Write out, word for word and with no pictures, each line below from the one containing "Volkswagen Golf 1.2" through the one containing "Lasseter con Disney, hasta el infinito", both included, and no other line.

▶ _Supplied data_:
##############################
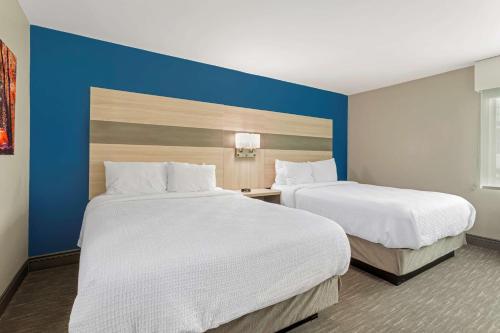 Best Western Plus Magnolia Inn & Suites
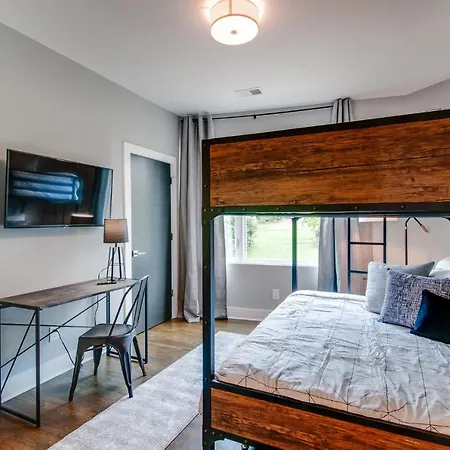 King & Queen 2 Homes - 24 Beds City Views Holiday home Nashville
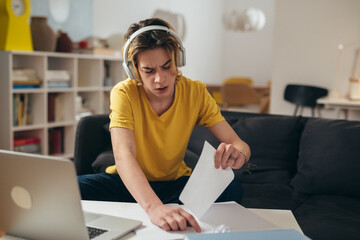 teenager having online class from his home
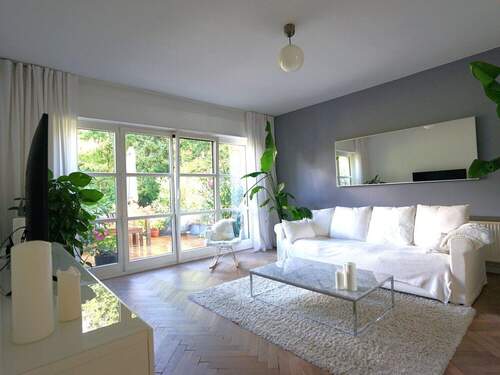 Wohnzimmer im Erdgeschoss - 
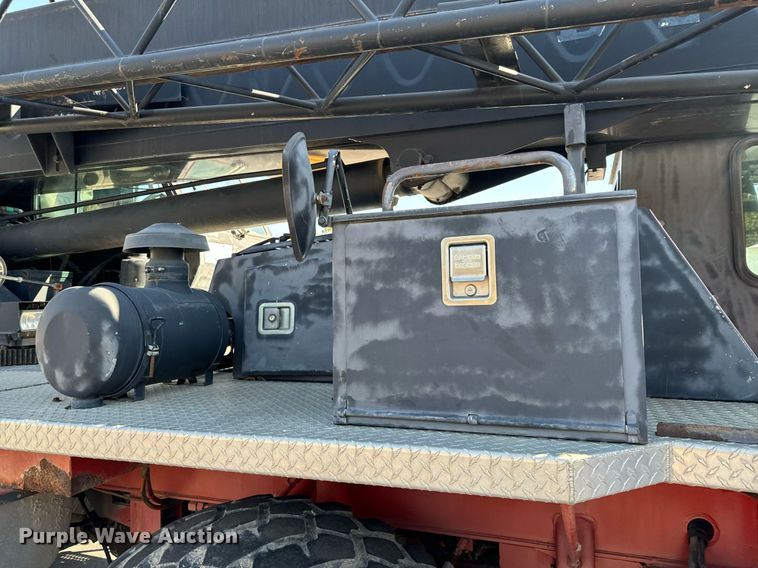 image for item DX1443 1996 Link-Belt ATC-822 crane truck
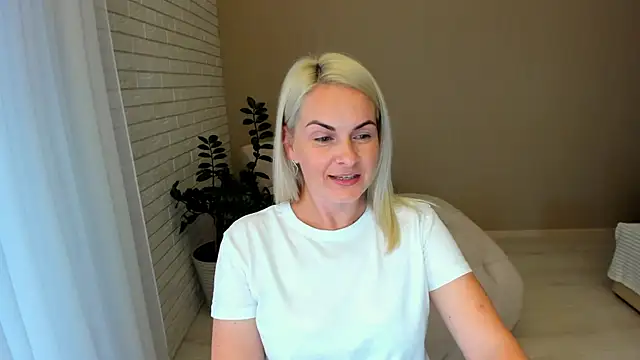 Snapshot of Alicee_Gracee chatting on September 12, 2:39 pm Alicee Gracee online show from September 12, 2:39 pm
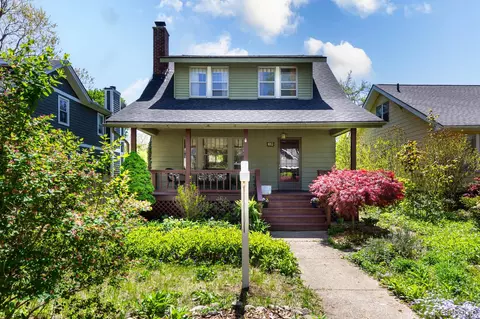 320 E Farnum Ave, Royal Oak, MI 48067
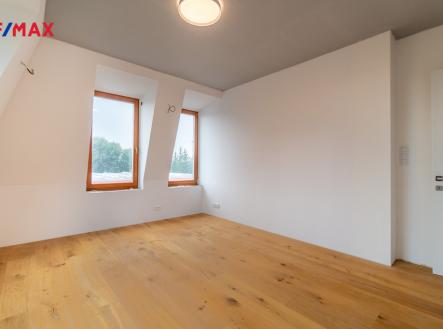 Pronájem bytu, 5+kk, 136 m²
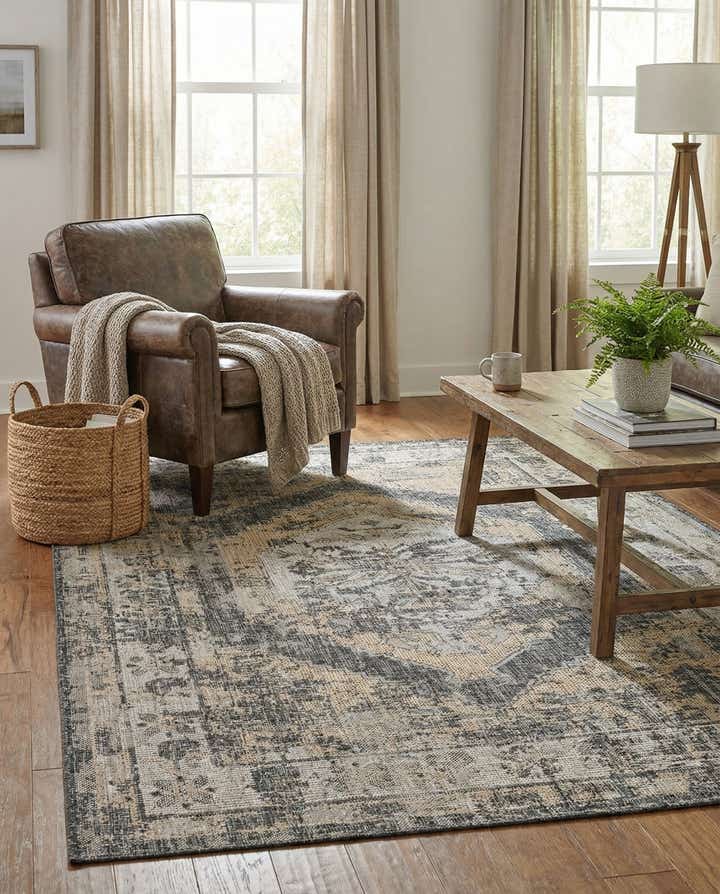 5' 3 x 8' Easy-Clean Traditional Indoor / Outdoor Rug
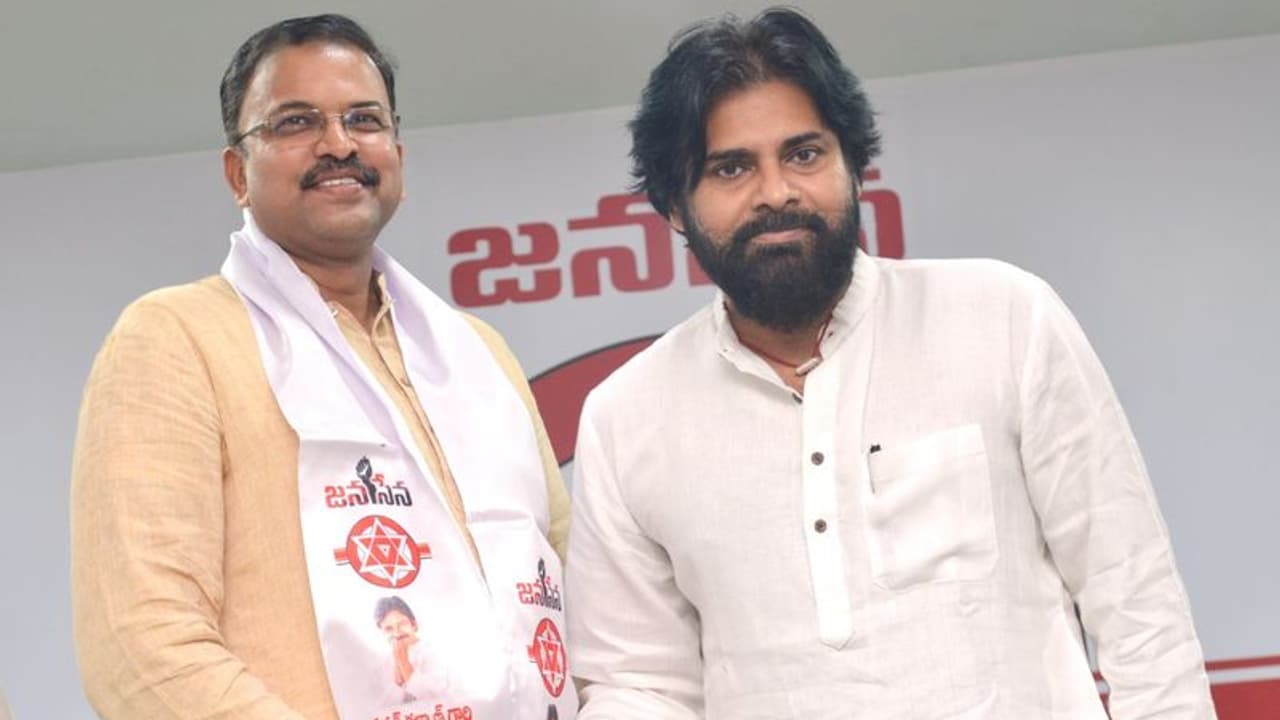 జేడీ లక్ష్మీనారాయణ, పవన్ కు మధ్య గ్యాప్: కారణమిదేనా?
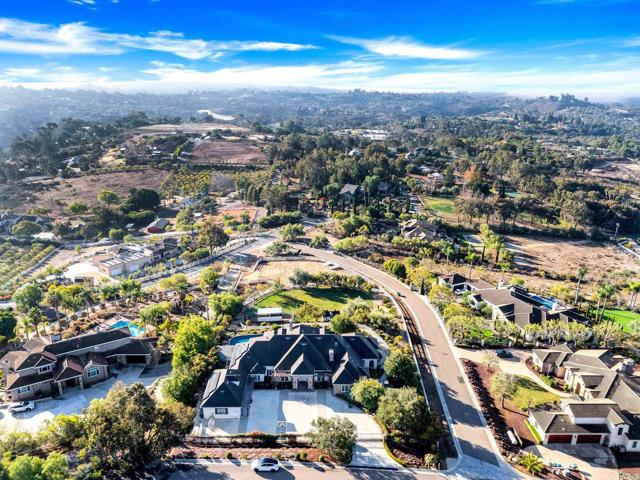 3401 Adams Run, Encinitas CA: https://media.crmls.org/mediaz/6b167945-26cd-4e47-a198-54c4f6be6de5.jpg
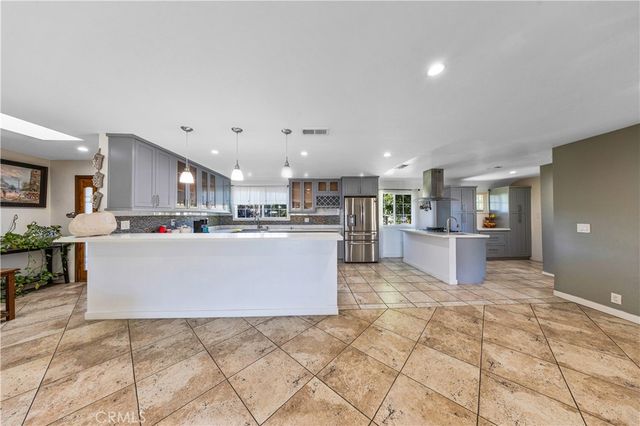 10050 Balboa Boulevard, Northridge, CA 91325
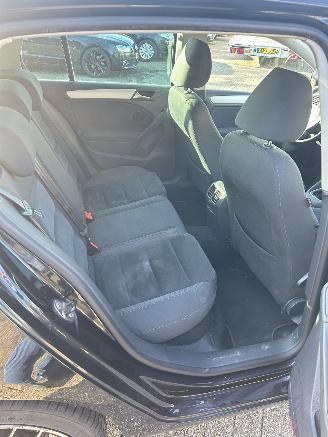 Volkswagen Golf 1.2 TSI Highline Bluemotion picture 12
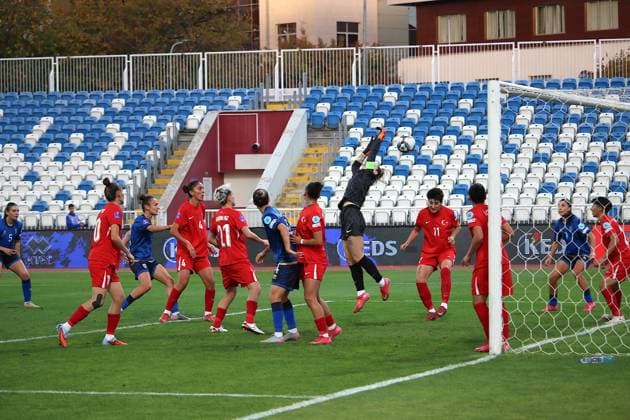 Turkiye v Kosovo - UEFA Women s Nations League PRISTINA, KOSOVO - OCTOBER 25: Players in action during the first match of the UEFA Women s Nations B League promotion relegation play-off 1st leg between Turkiye and Kosovo at Stadiumi Fadil Vokrri in Pristina, Kosovo on October 24, 2025. Erkin Keci Anadolu Pristina Kosovo. Editorial use only. Please get in touch for any other usage.  Copyright: x2025xAnadoluxErkinxKecix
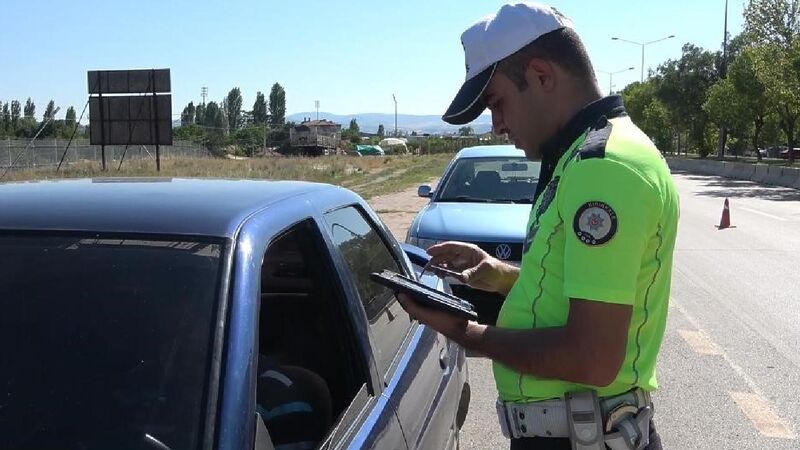 Balıkesir’de polis ekipleri uyuşturucu, kaçakçılık ve trafikte yoğun denetim gerçekleştirdi.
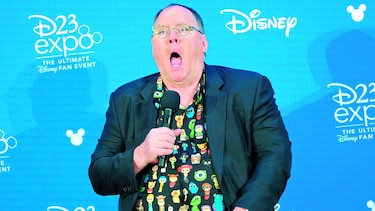 Lasseter con Disney, hasta el infinito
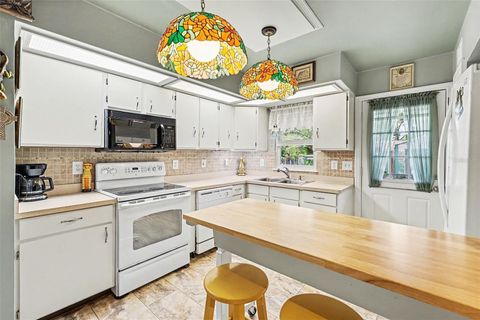 Tiny photo for 7480 E Highway 25, Belleview, FL 34420 (MLS # TB8528648)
##############################
▶ _Answer area_:
 Volkswagen Golf 1.2 TSI Highline Bluemotion picture 12
 Turkiye v Kosovo - UEFA Women s Nations League PRISTINA, KOSOVO - OCTOBER 25: Players in action during the first match of the UEFA Women s Nations B League promotion relegation play-off 1st leg between Turkiye and Kosovo at Stadiumi Fadil Vokrri in Pristina, Kosovo on October 24, 2025. Erkin Keci Anadolu Pristina Kosovo. Editorial use only. Please get in touch for any other usage.  Copyright: x2025xAnadoluxErkinxKecix
 Balıkesir’de polis ekipleri uyuşturucu, kaçakçılık ve trafikte yoğun denetim gerçekleştirdi.
 Lasseter con Disney, hasta el infinito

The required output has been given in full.